Alzheimer’s Disease (AD) is the most common form of dementia and presents as memory loss along with one or more other types of cognitive impairment; such as communication, attention, self-monitoring, judgment, motor skills, and trouble performing daily activities. Memory loss usually begins aggressively and can advance over approximately 8-10 years.  Everyone is different, so some patients can progress more slowly over time while others can progress more aggressively and quickly.

In the beginning, language and communication shortcomings are noticed.  The patient may struggle with reading comprehension or comprehending conversation. You may notice repeated questions and statements and trouble with articulate speech. Social behaviors may remain normal until later progression, and aggression or withdrawal can occur. Personality and behavioral changes as well as problems in judgment occur with the progression of the disease.

An imbalance in nerve cell signaling is caused by AD.  The brain produces signals that aid in memory making. The human brain processes information and forgets and stores accordingly. Non-important information is forgotten and is referred to as memory breaking. Important information is stored and is referred to as memory making.  When these nerve connections are not functioning effectively, the brain loses the ability to retain any memories at all.

Finding the root cause of why a patient is developing cognitive deterioration is the best holistic approach. Causes can be anywhere from metal toxicity, inflammation, infection, stress, and abnormal brain growth.  Once deficiencies have been determined, a course of treatment can be implemented. Testing for nutritional deficiencies, hormone imbalance, and heavy metal toxicity is a good place to begin. Early detection and taking steps to preventing the disease before it starts can alleviate the disease.  If treatment is delayed and the disease gets into the later stages, the brain has been significantly affected and it’s more difficult to see positive results.

Chronic infections: If bacteria, viruses, yeasts, parasites, or mold are present in the body, these need to be evaluated and treated. Natural anti-microbials such as herbs, foods, supplements, and essential oils can be very effective and help reduce the infection and boost the immune system.

Toxic heavy metals: There are many ways that heavy metals can enter the body.
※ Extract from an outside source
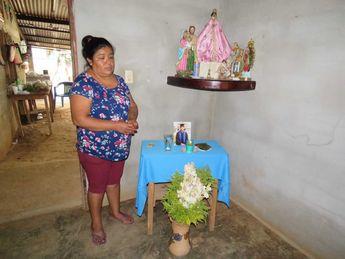 Su madre montó un altar en su nombre. / Carlos Abad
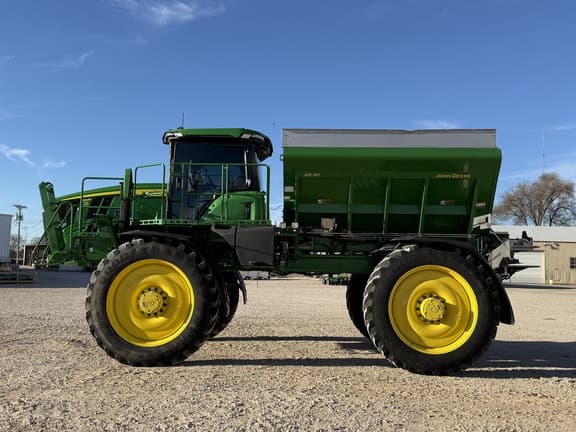 Image of John Deere 600R equipment image 1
Food, water, air, absorption through the skin through deodorant or mercury fillings, occupation, lead pipes,  and cooking utensils are just a few ways that one can be exposed.  They become toxic to us because we cannot metabolize them, and they accumulate in different fatty parts of the body.  Unfortunately, because the brain is a fatty organ, these metals can accumulate in the brain during a person’s lifetime and can be the cause of AD if they are not detoxified from the body. Testing can determine the levels of toxicity in the body and can be safely removed with the use of nutrients and herbs.
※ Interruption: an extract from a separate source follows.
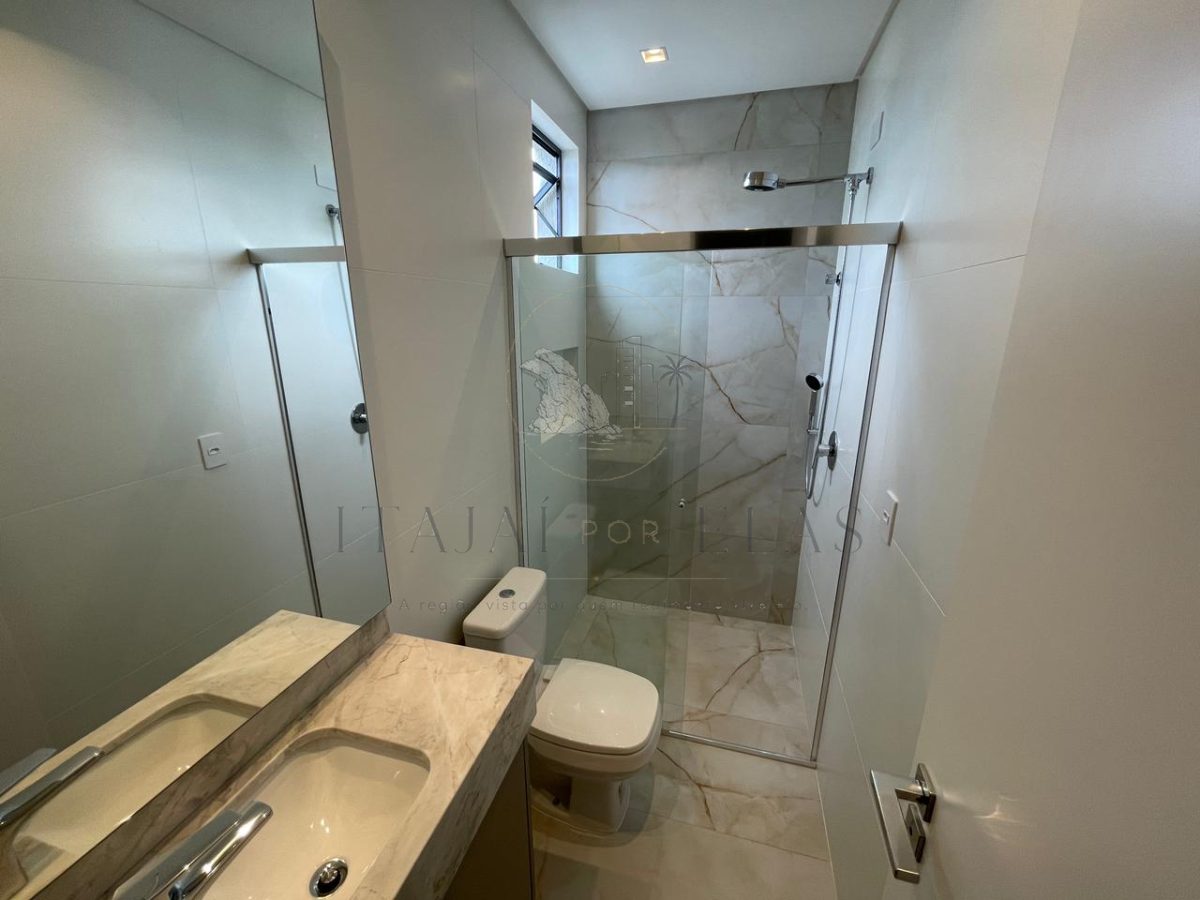 Apartamento na praia brava 2 dormitórios mobiliado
Stress: Testing hormone levels is also important when evaluating the cause for symptoms.  Thyroid, cortisol, and other hormone levels should be accessed.  This will help determine how to go about maintaining and balancing hormone levels.  Diet and a regiment of herbs and supplements can help support the body in balancing hormone production.

Re-hydrating the body, detoxification, avoiding heavy metals, and nutritional balance can produce great results in patients with brain deficiencies.  Diet with high levels of fats and proteins are effective.  Make sure to get a balanced diet and eat plenty of foods that feed the brain. Foods that contain B vitamins, protein, fats, and omega 3 fatty acids have been found to be highly effective.

Managing stress is a major part of prevention.  Hormone levels should be tested and regulated.  High levels of stress over time can actually shrink parts of the brain that are responsible for memory, learning, and overall cognitive function.  Practice habits that help to manage stress, whether its meditation, yoga, journaling, walking, or exercise.  Proper sleep is also a key contributor to stress reduction.  Relaxing bedtime routines can help us have more restful sleep and keep stress levels in check. Studies have shown that those who begin to have symptoms of cognitive dysfunction first had high levels of oxidative stress in the brain. Spiritual habits have been proven effective. Defining our sense of purpose, love and service to others, and spiritual practice can help our self awareness and cognitive abilities. Nourishing the brain physically and mentally are the key ingredients to maintaining brain health. The goal is not to reverse symptoms but to do what is necessary to prevent them from even developing.

Most people do not realize the decline in impairment before damage is done.  Loved ones may begin to notice the first sign of impairment which is memory loss or unusual behaviors. This is why it is so important to take action and prevent before the symptoms occur.  Once symptoms occur, damage has been done. If early detection is noticed, take action immediately so that prevention of further decline can be taken.